В следующем году она вышла оттуда, протрезвевшая, с нетерпением ожидающая воссоединения с друзьями. Но когда Нэн вернулась в город, он был уже не таким, как прежде. Поступь смерти ускорилась. В 1989 году Голдин курировала знаковую выставку в одной из расположенных в деловом центре города галерей. Выставка получила название «Свидетели: против нашего исчезновения». В экспозиции были представлены произведения людей, жизнь которых попала под удар СПИДа. Войнарович был автором эссе для каталога, в котором обвинил политический истеблишмент правого крыла в отказе финансировать исследования ВИЧ, что позволило эпидемии беспрепятственно разрастаться. Одной из причин, по которым американские политические руководители так оставались в стороне и ничего не делали, чтобы вмешаться, было морализаторское «сами виноваты». Считалось, что группам населения с самой массовой заболеваемостью – мужчинам-геям и наркоманам, употреблявшим наркотики внутривенно, – некого винить, кроме самих себя, что СПИД, по сути, является результатом выбранного ими образа жизни. Некоторые представленные на выставке работы принадлежали друзьям Нэн, которые уже умерли: например, автопортрет Худжара. Еще одна художница и подруга Голдин, Куки Мюллер[1893], умерла всего за пару дней до открытия выставки. Казалось, круг общения Нэн выкашивала чума. Три года спустя умер и Войнарович.
Нэн Голдин выжила. Но ее нередко преследовало своеобразное чувство вины уцелевшего: она думала о друзьях, которые смотрели на нее с ее собственных фотографий, о друзьях, многие из которых уже ушли. Ее творчество нашло новых горячих поклонников. Музеи устраивали ретроспективы ее творчества. Со временем портреты умерших друзей Нэн заняли места на стенах некоторых из самых прославленных художественных галерей мира. В 2011 году Лувр открыл перед Голдин свои дворцовые залы после окончания часов посещений, чтобы она, босая, могла пройти по широким мраморным галереям и фотографировать выставленные произведения искусства для инсталляции[1894], в которой противопоставляла изображения картин из музейной коллекции произведениям собственного творчества. Хронистка «жизни на задворках» стала канонической фигурой.

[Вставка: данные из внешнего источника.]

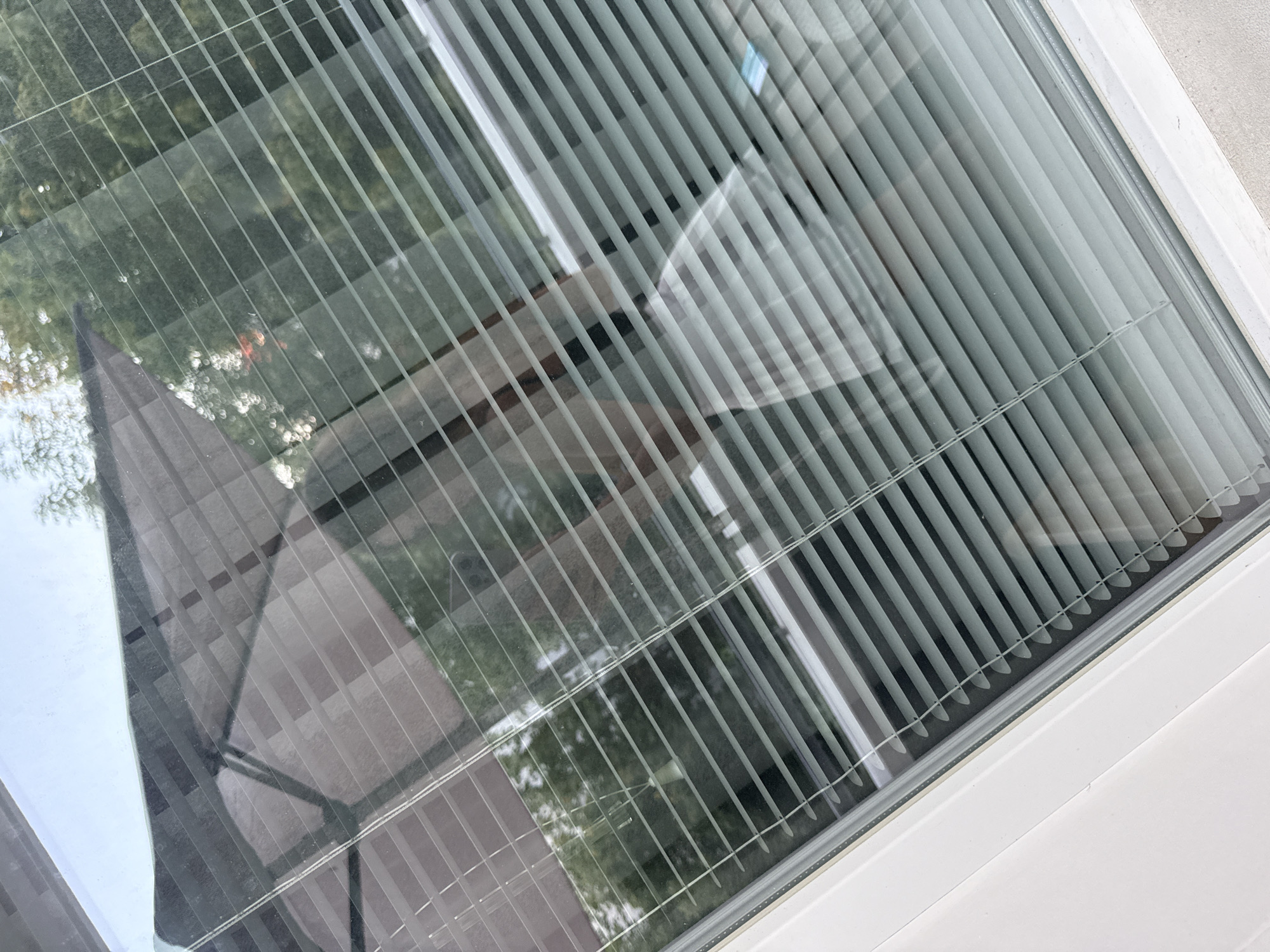 The image shows a window with Venetian blinds. Through the blinds and reflection on the glass, an outdoor scene with trees and a part of an umbrella is visible. There is also a reflection of a person wearing a white shirt. The image is taken from inside a room, looking outwards. The specific location in the city of Plovdiv, Bulgaria cannot be determined from the image.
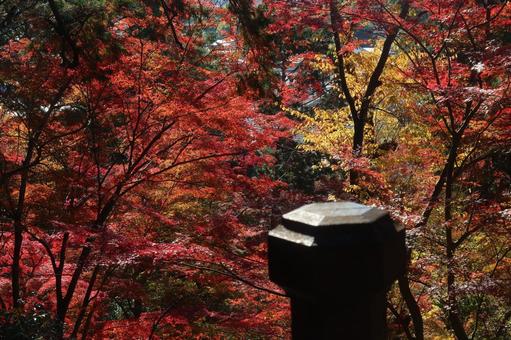 毘沙門堂の紅葉 11月,秋,紅葉の写真素材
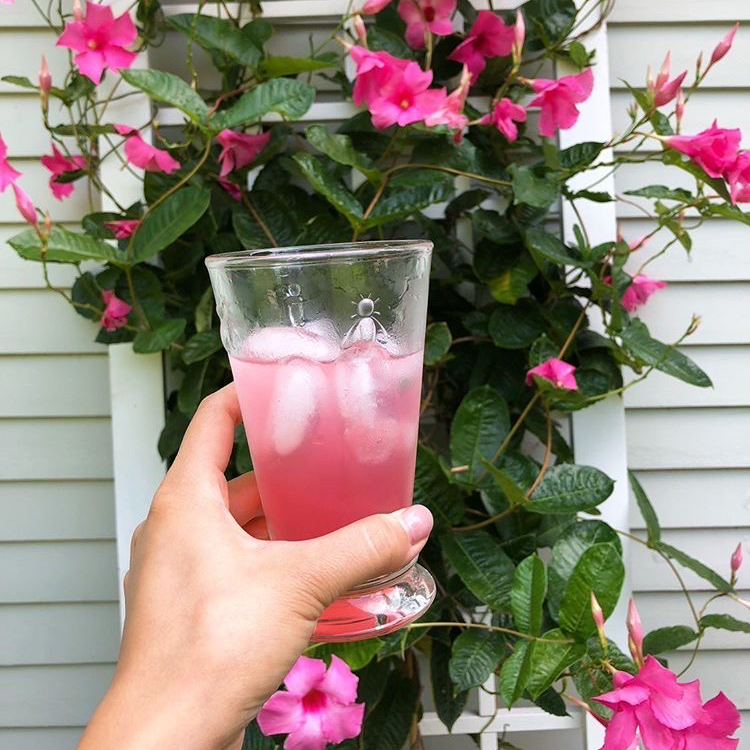 La Rochere Bee Iced Tea Glasses - Set of 6 Drinkware La Rochere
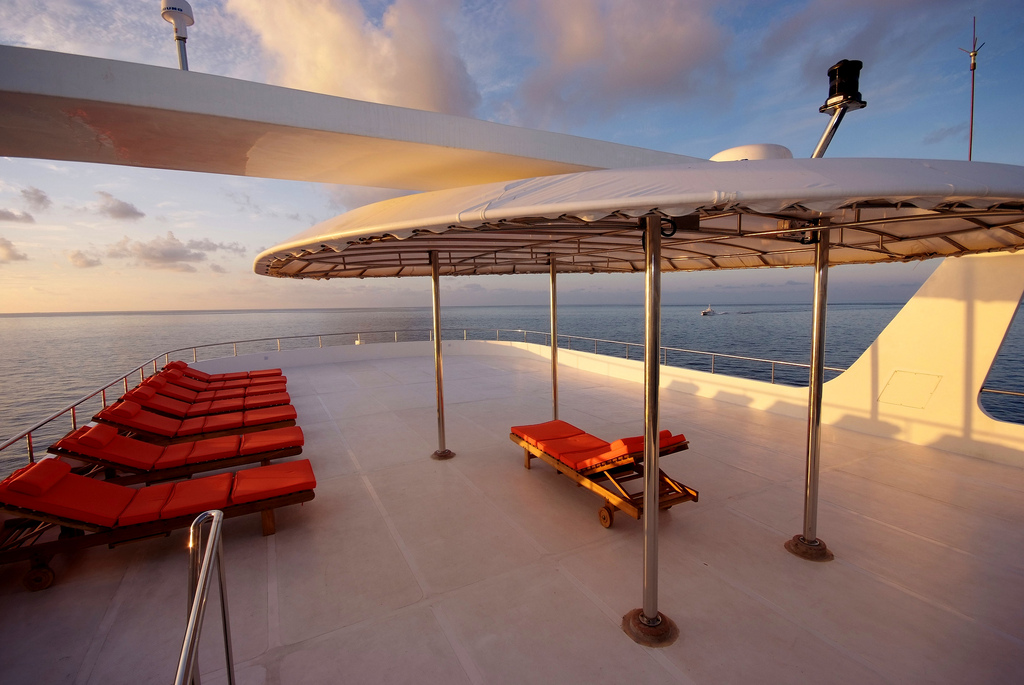 ARK ROYAL Sundeck.jpg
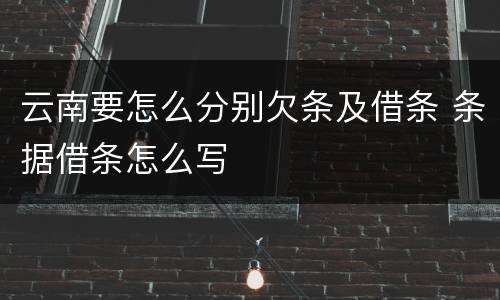 云南要怎么分别欠条及借条 条据借条怎么写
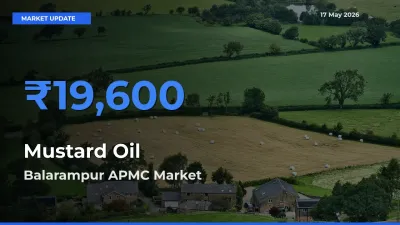 Market Watch: Balarampur APMC Becomes Top Mandi for Mustard Oil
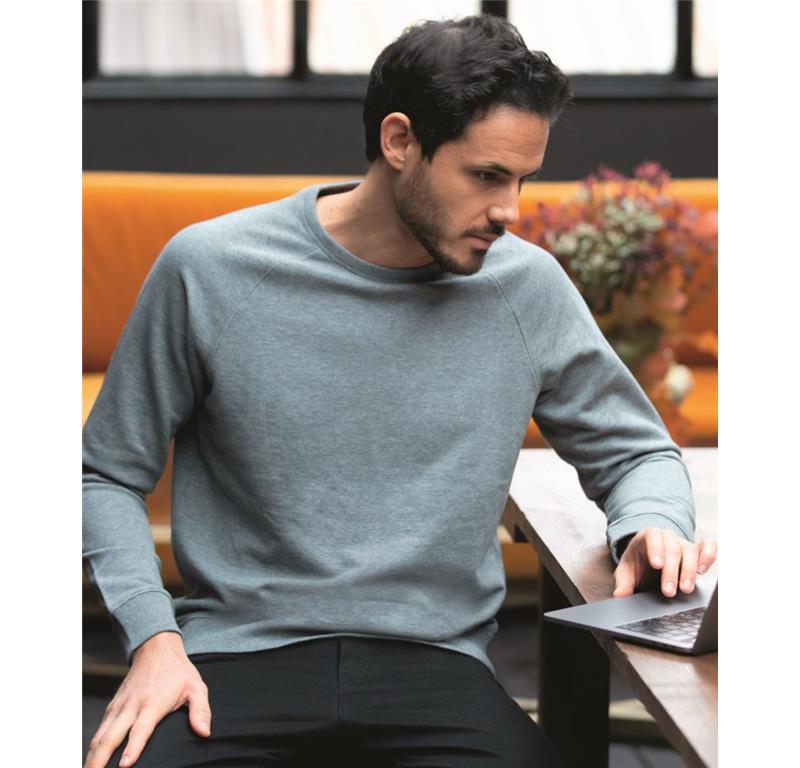 Herren Raglan Sweater Nelson Men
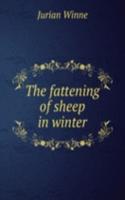 fattening of sheep in winter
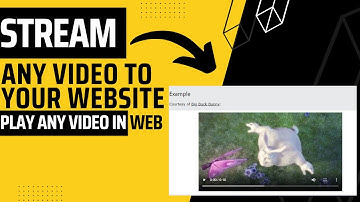 Stream any video in your website || Play any mp4 or mkv video into you website || html || css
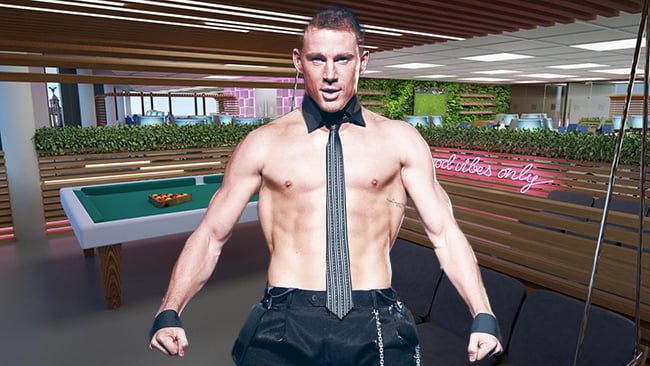 EXCLUSIVE Amateur stripper delights at law firm party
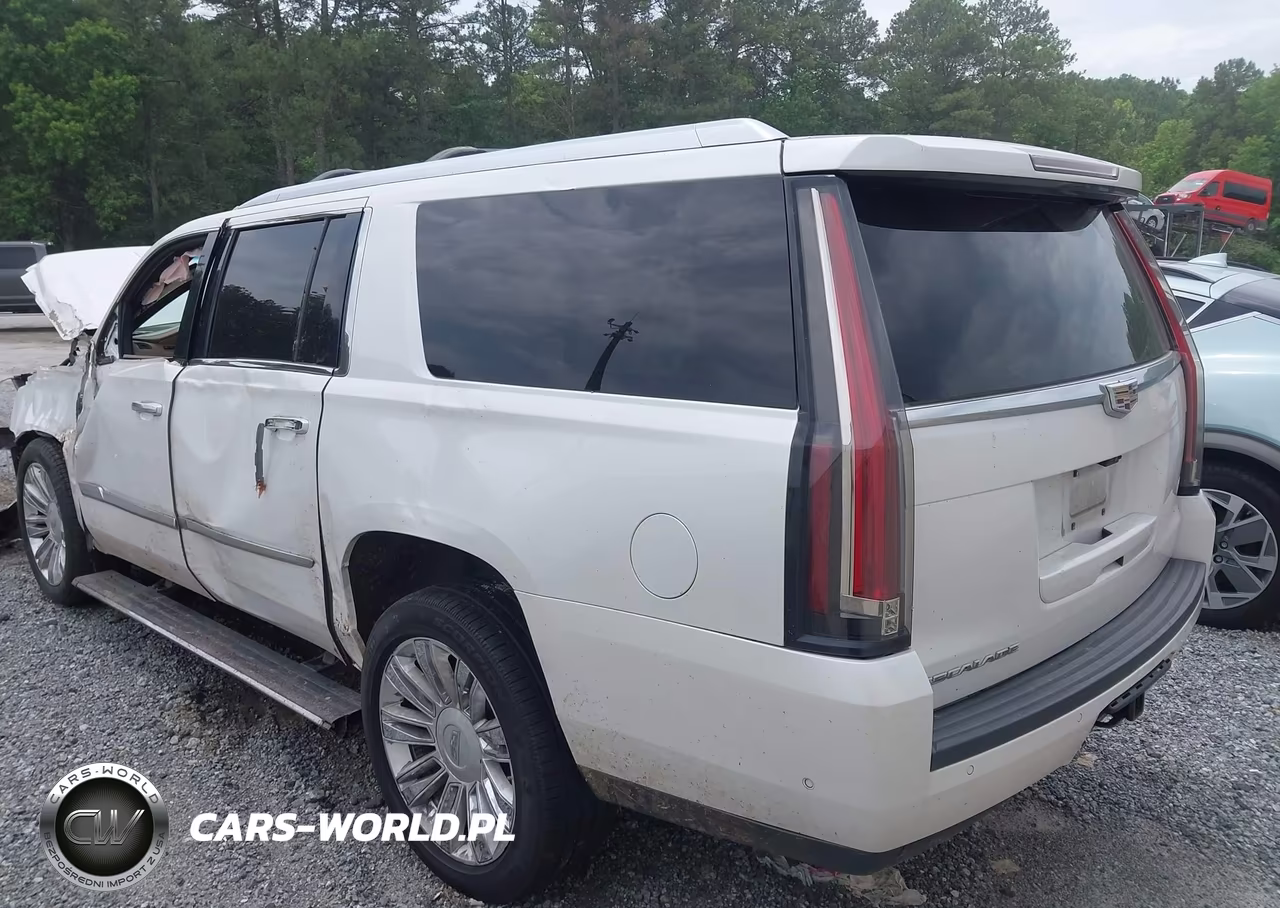 2018 Cadillac Escalade Esv Platinum VIN:1GYS4KKJ6JR307372 - 3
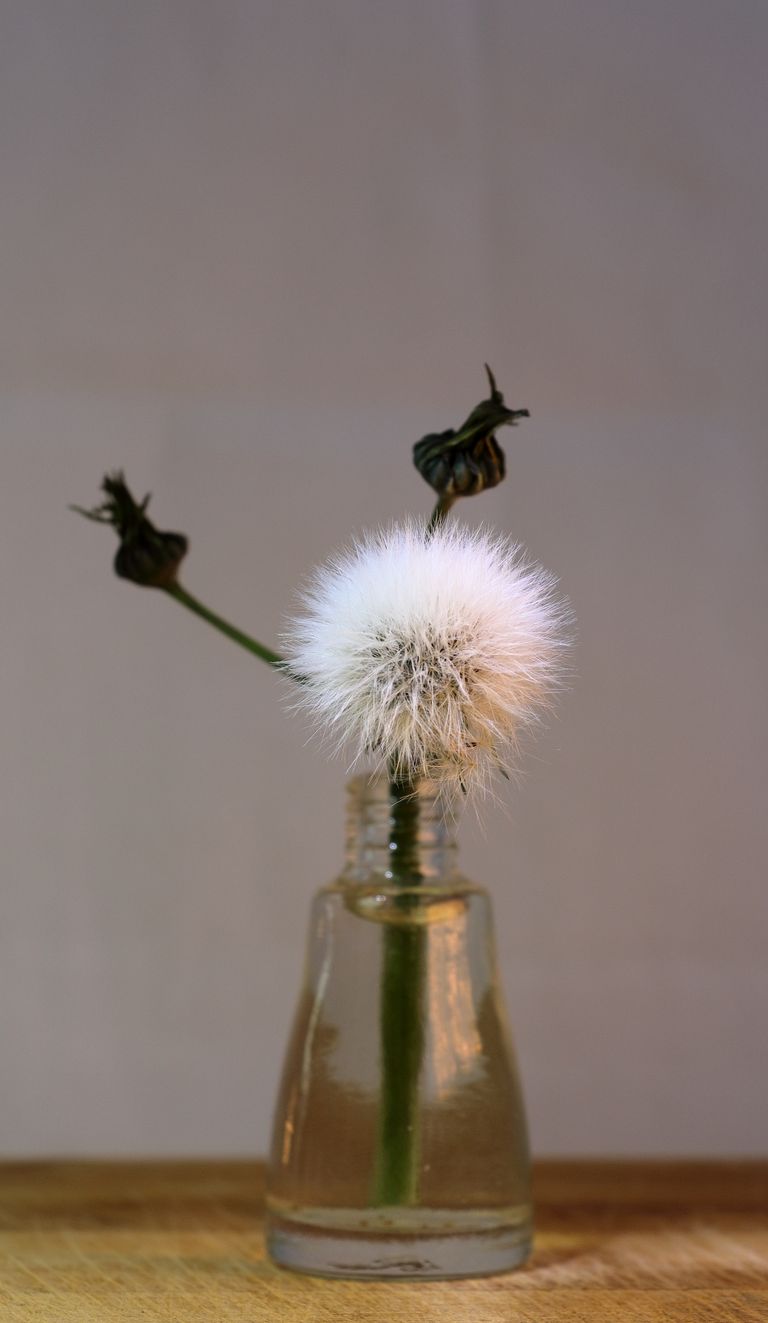 A close-up of a dandelion puff in a clear bottle on a wooden surface, indoors.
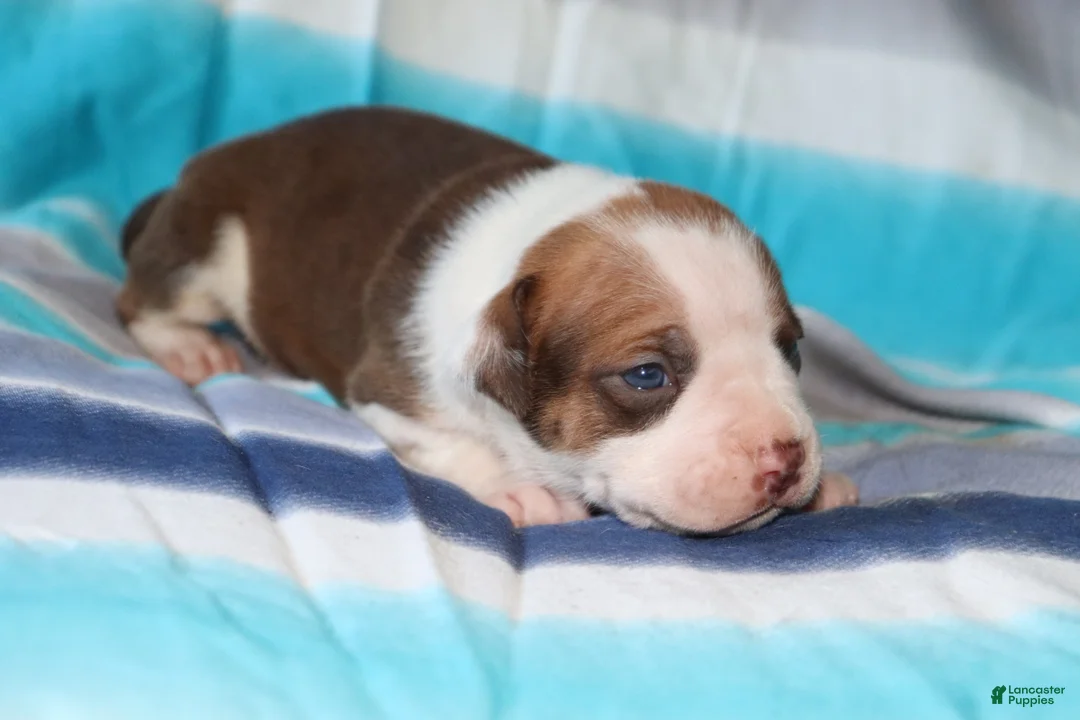 American Bully dogs for sale: Ahoska - Ad 1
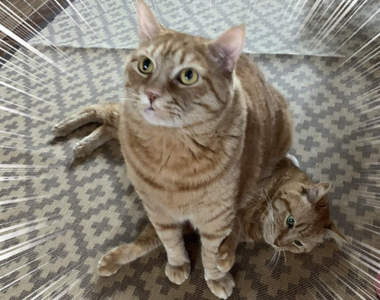 《貓生百百種》有坐在人家身上的貓，就有身上被坐的貓（？）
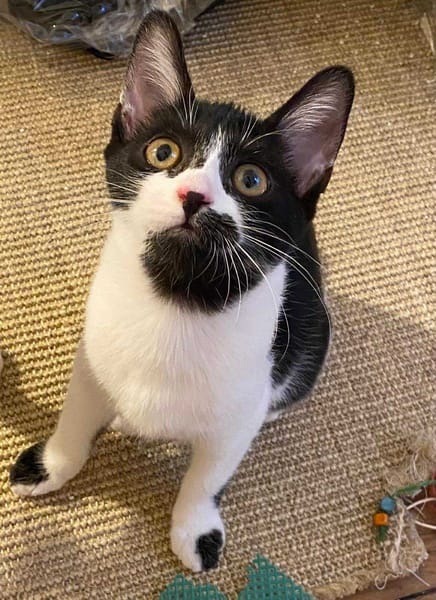 Gina
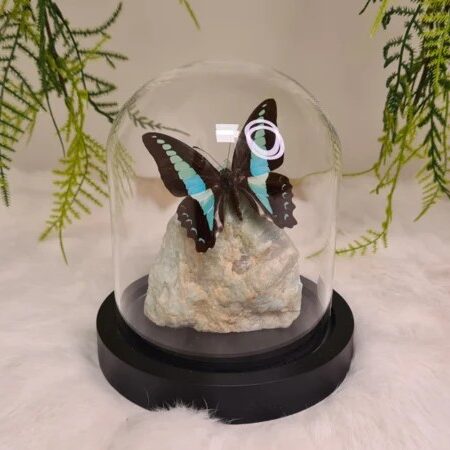 Fantasy Special "Amazoniet & Sarpedon"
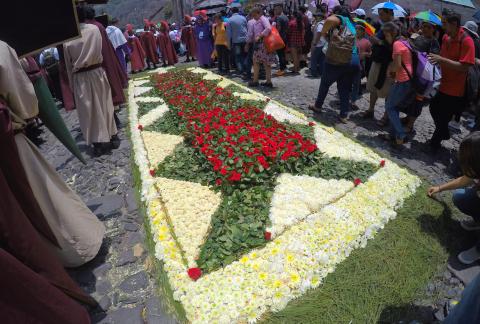 Sorprendente alfombra de rosas maravilla en Antigua Guatemala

В 2014 году, когда Голдин была в Берлине, у нее случился острый приступ тендинита[1895] в левом запястье, причинявший ей сильнейшую боль. Она обратилась к врачу, который выписал ей рецепт на ОксиКонтин. Голдин была наслышана об этом препарате, знала, что у него репутация опасного аддиктивного наркотика. Но собственная история употребления тяжелых наркотиков, вместо того чтобы делать Нэн более осторожной, порой придавала ей бесшабашную смелость. Она решила, что сможет с этим совладать.
Едва начав принимать таблетки, она поняла, в чем секрет его привлекательности. ОксиКонтин не просто уменьшил болезненные ощущения в руке: он действовал как химическая изоляция не только от боли, но и от тревожности и уныния. Его действие ощущалось, по ее словам, «как прокладка между тобой и миром»[1896]. Очень скоро Нэн стала принимать таблетки чаще, чем рекомендовал врач. Два приема в сутки превратились в четыре, потом в восемь, потом в шестнадцать. Чтобы угнаться за собственными потребностями, ей пришлось обращаться к нескольким врачам, получив у каждого по рецепту. Деньги у нее были; она получила большой грант на работу над новым материалом и готовилась к выставке в Музее современного искусства в Нью-Йорке. Но ее усилия по добыче таблеток превратились чуть ли не во вторую – а может быть, и основную – работу. Потом она нашла услужливого дилера в Нью-Йорке, который заказывал ей таблетки и доставлял через FedEx.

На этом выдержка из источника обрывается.